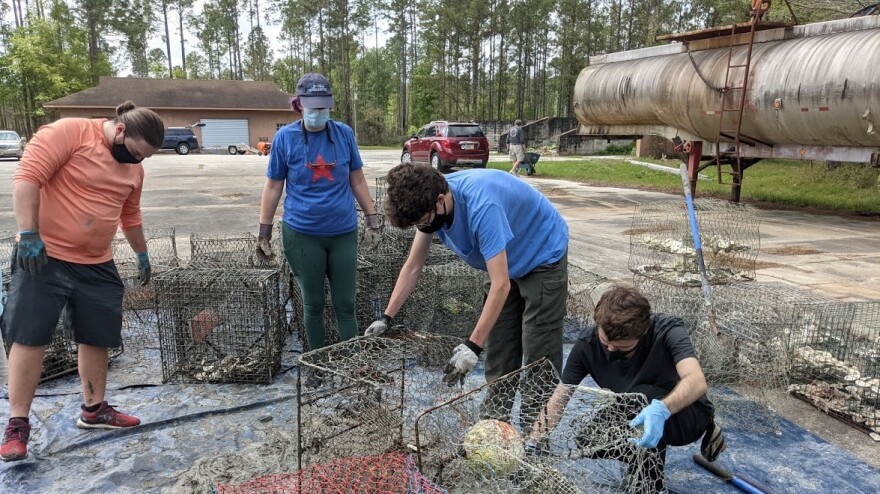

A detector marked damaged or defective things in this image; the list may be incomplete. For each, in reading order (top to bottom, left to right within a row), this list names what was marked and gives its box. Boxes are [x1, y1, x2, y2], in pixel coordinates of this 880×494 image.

rusty wire cage [155, 268, 286, 384]
rusty wire cage [296, 330, 460, 468]
rusty wire cage [416, 358, 664, 494]
rusty wire cage [564, 262, 604, 344]
rusty wire cage [628, 199, 760, 286]
rusty wire cage [788, 302, 876, 436]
⁂
Assignment: The records above, copied word for word without the pictures, are what should be output.

Task solution:
A detector marked damaged or defective things in this image; the list may be incomplete. For each, in reading order (top to bottom, left to right within a row), this list names what was marked and gives its box. Boxes are [x1, y1, x2, y2], in pixel coordinates of this 880×494 image.

rusty wire cage [155, 268, 286, 384]
rusty wire cage [296, 330, 460, 468]
rusty wire cage [416, 358, 664, 494]
rusty wire cage [564, 262, 604, 344]
rusty wire cage [628, 199, 760, 286]
rusty wire cage [788, 302, 876, 436]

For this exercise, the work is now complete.